Because public domains and employees are suffering, congressmen on both sides have tried to find a way to start reopening up parts of the government, but not much ground has been made. House Freedom Caucus member Ken Buck voted against the bill after Trump announced the shutdown, stating the wall shouldn’t be the cause of a shutdown.

“I think sending federal workers home before Christmas not knowing when and if they’ll have a job tomorrow is wrong.”

Buck’s reasoning is shared by many, and provokes question.

It’s been hard to ignore the amount of people opposed to the negligent idea to shut down the government. So for the past week or so, Trump has increased his efforts to address the public, even managing to visit the border in McAllen, Texas. While there, he chatted a bit with the border agents about security and subsequently the wall.
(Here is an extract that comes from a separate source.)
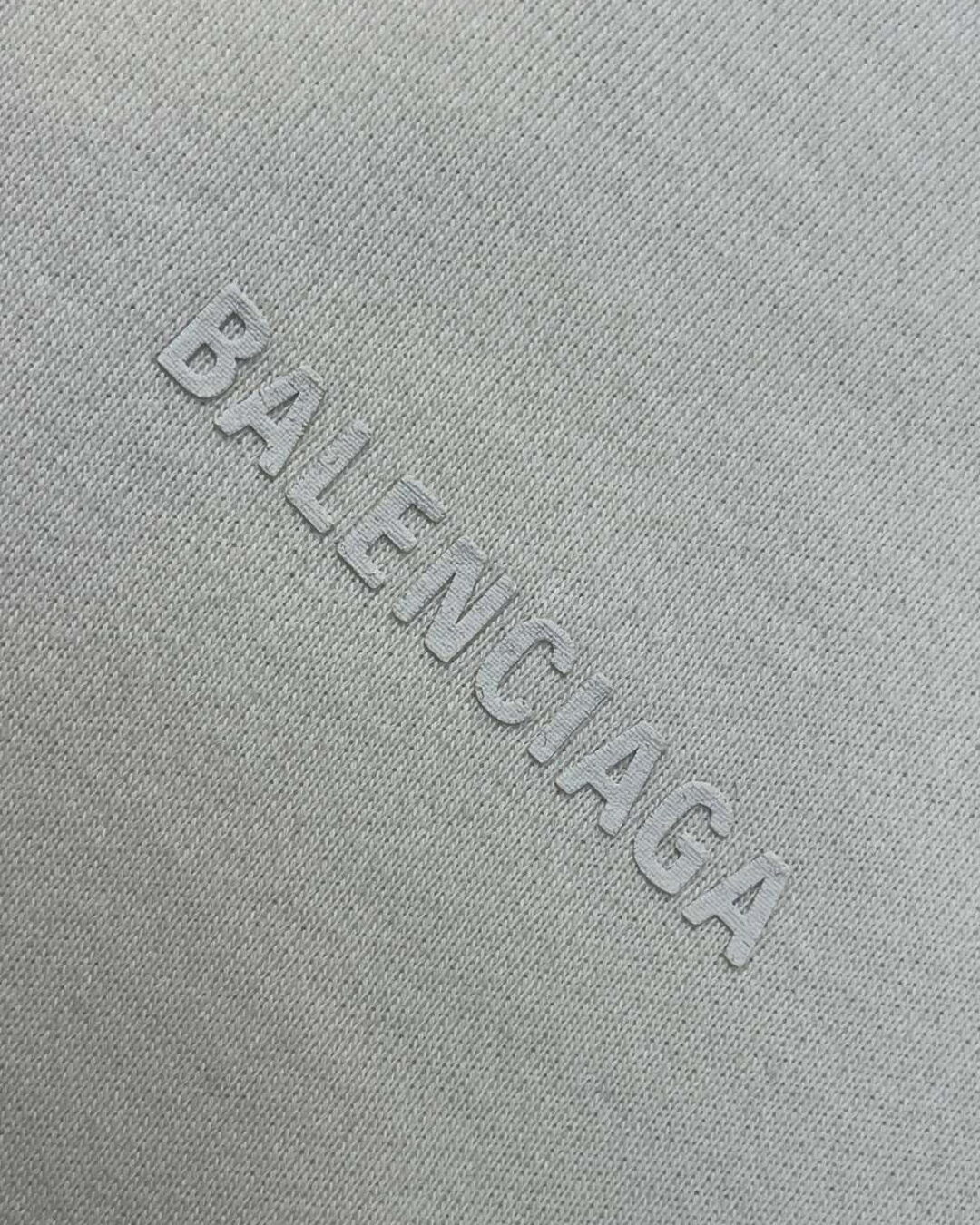 Худи Balenciaga — изображение 8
I think it’s refreshing to see him go out of his way to achieve what was promised, but I don’t think he’s gone about this in the right way. Hopefully, in the coming weeks this problem will be fixed, especially with the declaration of “national emergency” as a possibility. If Trump is to go through with something like this, it wouldn’t bode well for our future. I hope that Republicans realize that the government won’t be theirs to control forever. They complained about Obama making executive decisions against the will of congress. What if a future Democratic president claims to be in a state of national emergency, and bans all firearms. What if another president takes it a step further, and extends their term? So, even though I support Trump and his wall, I think he should try a little harder to reach across the aisle and compromise.